Sophie is in her second year of a Northern Bridge AHRC-funded PhD exploring nineteenth-century French touring troupes. Her research focuses on the working practices of travelling opera and theatre performers across provincial France during the period 1824-64, and the relationship between theatrical culture and the national imaginary. The project explores questions concerning patterns of artistic dissemination and musical mobility, power dynamics between the capital and the provinces, and the processes of taste formation and aesthetic criticism in provincial French towns. Sophie was a PGR Representative for the Music Department between 2019-20, organising the weekly seminar series, and continues to be a student representative for the Northern Bridge Management Committee in Durham. 

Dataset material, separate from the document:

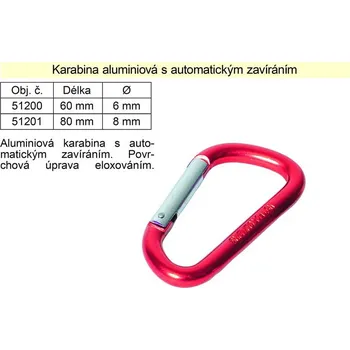 Karabina Alu 60x6mm 0.0095 Kg NÁŘADÍ Sklad2 51200 (0.0095 Kg NÁŘADÍ Sklad2 51200)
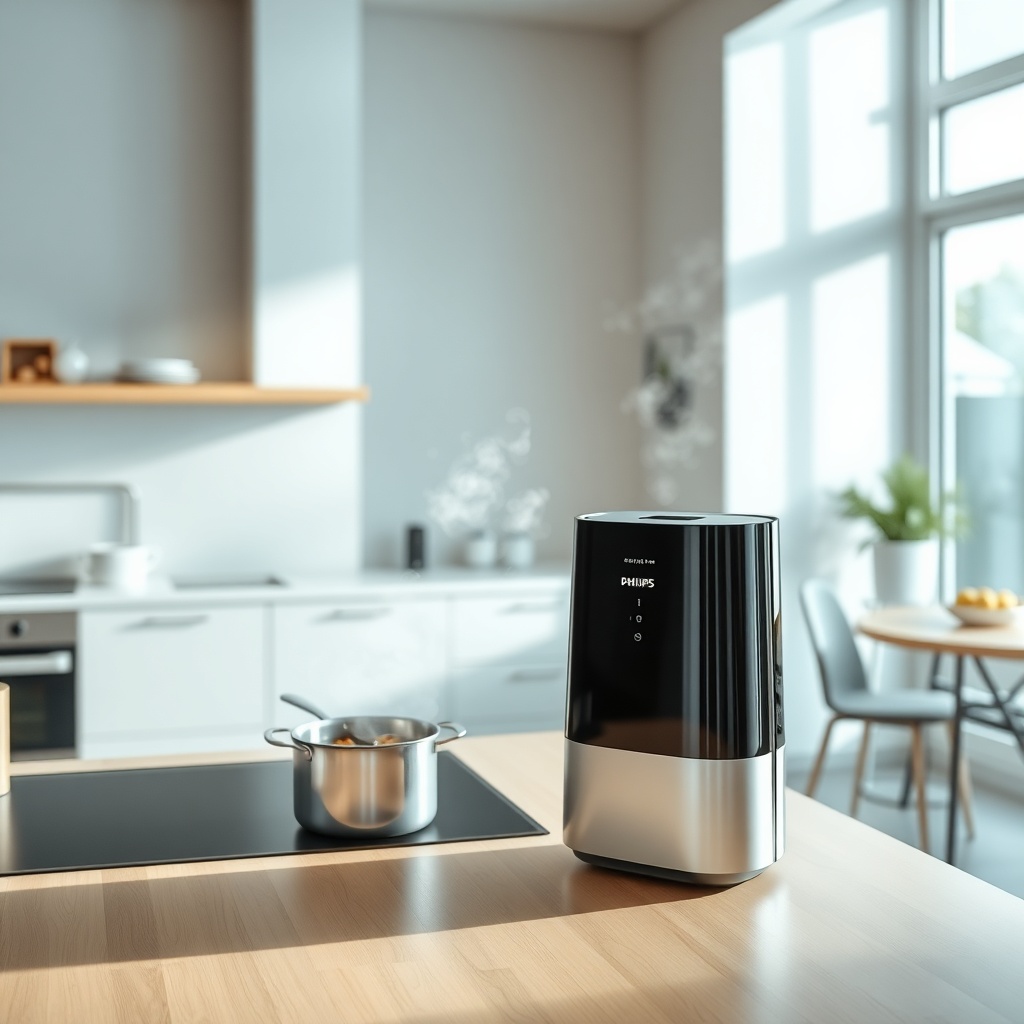 Photorealistic image of an open-plan kitchen with a Philips Series 3000i air purifier plac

Sophie studied as an undergraduate at the University of Cambridge, completed a Masters at King’s College London and worked in the arts outreach sector for three years. She is also an active performer, most recently appearing in Durham as Nurse Filippyevna (Eugene Onegin – Assembly Theatre) and the mezzo soloist in Mendelhssohn’s Elijah (Durham Cathedral). 

Public Engagement:

In July and August 2020, Sophie collaborated with Northern Opera Group for their online ‘Leeds Opera Story’ mini-exhibition, researching operatic life in nineteenth-century Leeds and participating in a virtual panel discussion entitled ‘Researching Opera’. She will continue helping with the research and curation of the physical exhibition in 2021 when this is able to take place. 

In October 2019, Sophie researched and presented a talk about opera and politics in 1920s Germany for the Durham Opera Appreciation Society (DOAS). 

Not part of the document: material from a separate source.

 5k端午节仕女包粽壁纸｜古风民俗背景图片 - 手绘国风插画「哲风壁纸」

Between 2016-2018, Sophie organised English National Opera’s Pre-Performance Talk series, collaborating with academics and artists to offer insights into the repertoire and productions staged at the London Coliseum. Sophie also organised a series of Salon Discussions dedicated to opening up the theatre industry for young people and students. 

Papers:
'The appearance and disappearance of theatrical communities: the troupe d'arrondissement and regional identity'
Appearing/ Revealing/ Disappearing. Cultural practices of staging in 19th-century France
, October 2020 (Université de Lausanne) 

'The study of staging materials as a way of investigating the dual local-national role of touring troupes'
Northern Bridge Lockdown Seminar Series, June 2020 (Hosted by Northern Bridge University Cohort, online) 

CANCELLED 'Performing Networks: singers and actors in French troupes d’arrondissement in the mid-nineteenth century'
19th Century Music Biennial Conference, June 2020 (University of British Columbia) 

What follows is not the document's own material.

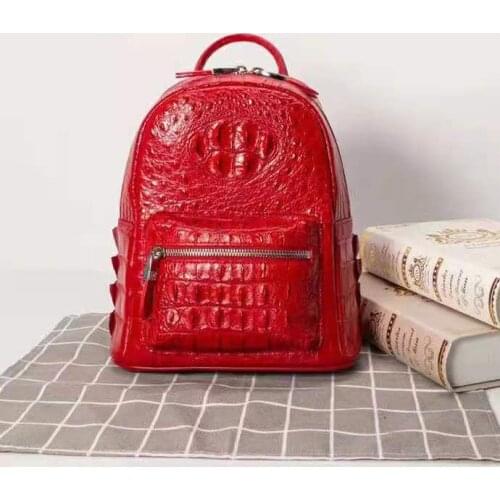 100% genuine real crocodile skin women backpack bag real alligator leather small lady backpack daily bag 2021 new design bag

'The other 'catalogue aria': Offenbach's Tromb-al-ca-zar and the performance practices of French provincial theatre'
Royal Musical Association Student Conference, January 2020 (The Open University) 

'Breaking the fourth wall: iconography and alternative operatic narratives in Parisian quadrilles of the late nineteenth century'
Music and Iconography, November 2019 (SOAS) 

'“Mon père! J’ai peur!” Fatherhood and the construction of male identity in Halévy’s La Juive (1835)'
OBERTO Student Research Conference, September 2019 (Oxford Brookes University) 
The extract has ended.